“Don’t watch the clock; do what it does. Keep going.”
From the humble beginnings of our ancestors writing symbols with a stylus, the flight feathers of geese to fountain pens, and nowadays, digital pen, this instrument “has been mightier than the sword.”An understated elegance that has been used by royalties to change the course of history. By enlightenment figures who shed light on reason and science, by freedom fighters shaping ideas, scientists that changed everything through their theories, by musicians that touch the soul the deepest, or by a hero soldier that seeks hope and solace by penning “remember that I love you.” A symbol of education, dreams, status, power, hope, affinity, unity, consolation, and purpose, a pen channels ideas and feelings to make a difference. Knowing that your words have an impact, protecting and managing your thoughts should not be taken lightly. As it happens to the best of us, our emotional wellbeing can provocatively be ruffled, and we lose perspective. To shield our reactions, we need a reminder, a protective gear that makes us examine the voice and the thoughts in our head before taking any action. For some can be a mantra or taking a walk, but how about a pen holder. Every time you are about to sign an agreement, write a letter of request, a to-do list, or create a vision, a pen holder serving as an amulet will remind your intentions, purpose, and how it all fits in with the common good.
Speaking of which, an exquisite pen holder, named “New Beginnings” created by Carla Martin, designer and founder of JEANNE.CHAVANY can definitely compliment your style and be effective like a charm. JEANNE.CHAVANY, a French brand of luxury handbags and accessories, specifically designed and produced the leather pen holder in support of Professors Without Borders”, a non-profit organization founded by HRH Princess Tessy de Luxembourg that aims to provide free and accessible education to all students, especially women. JEANNE.CHAVANY champions the philanthropic mission by donating 10% of each purchase of “New Beginnings” to Professors Without Borders.
I had the opportunity to interview Carla Martin, to learn about her creations and how she handles challenges. I invite you to read and explore her leather accessories.

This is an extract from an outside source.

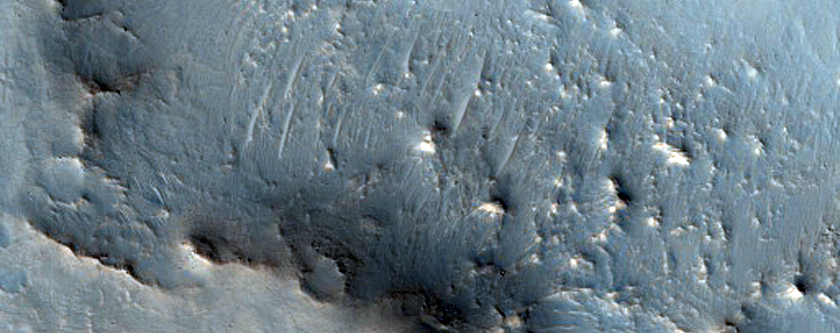 Channels on North Rim of Baldet Crater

Jupilings: Please tell us your story a.k.a. JEANNE.CHAVANY –
Carla MARTIN: I’ve built my background in the fashion industry working as a purchasing manager for several famous houses. My entire journey has started out of necessity. A few years ago, I needed a new handbag. I was looking for something distinctive, something that would make me stand out, and fit my personality. My husband suggested, as a joke, that if I couldn’t find the right handbag, I should create one. I was hooked on this idea, as I have always been in love with leather. From that moment, I got more interested in leather and started to visit tanneries to learn and understand this noble material while surrounding myself with amazingly skilled artisans to make my ideas and designs come true. Thus Jeanne Chavany was born.

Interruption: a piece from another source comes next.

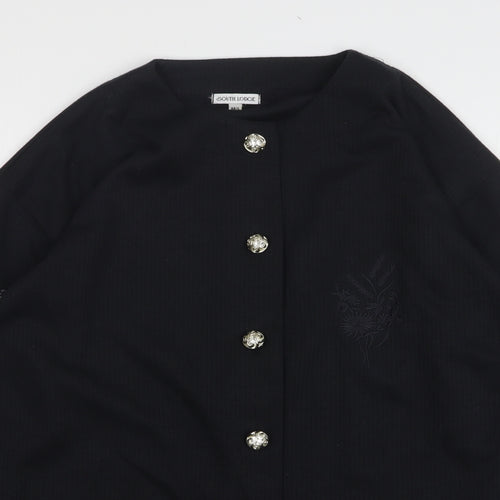 South Lodge Womens Black Round Neck Polyester Cardigan Jumper Size M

Jupilings: How do you describe yourself-
Carla MARTIN: Drawing a self-portrait description might sound “pretentious”, therefore it would be preferable to mention that I have earned a reputation of being ambitious, passionate, generous, and competitive.

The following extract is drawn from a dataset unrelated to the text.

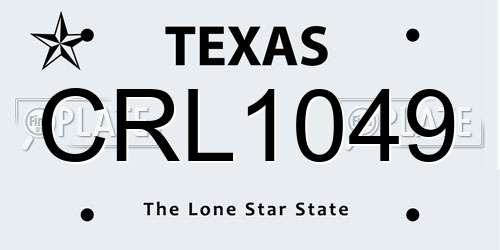 CRL1049 Texas License Plate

Jupilings: How do you describe your brand-
Carla MARTIN: JEANNE.CHAVANY is a cocktail of passion, integrity, boldness, ethics, innovation, and sustainability. A family-owned business, all products are handmade in our workshop in France. Each piece is made to order, unique in its own way. Customers need to pre-order and join the waiting list, it takes time to create the magic with a wait of 10, up to 18, weeks for a handbag to be made. This is one of our answers to reducing waste, whilst having transparency during production by sharing with customers the steps in the handcrafting process. Mass production does not fit our philosophy.
Here at JEANNE.CHAVANY we believe that creating by hand is more meaningful.
If something is beautiful and fair and made without harming people, that object has a spiritual dimension of dignity and appreciation of the work.
We are a Human Brand built on respect for each other. Our customers, partners, and artisans are our biggest assets.
Jupilings: Please tell us about the philanthropic aspect of JEANNE.CHAVANY –
Carla MARTIN: We all have a sense of social concern to support charities. It is the ethical importance of our social responsibility.
Philanthropy is not only the ‘right thing to do’ but also strengthens company culture. Helping others and giving back to communities is hugely empowering and rewarding.
From the creation of the brand, I injected all my personal values, principals and ethics. As JEANNE CHAVANY caters to contemporary businesswomen, it was obvious for us to support education. Education is the key to becoming an entrepreneur.
And so it made complete sense to team up with NGO Professors Without Borders, which relates directly to the brand’s values, to support education and empowerment in schools.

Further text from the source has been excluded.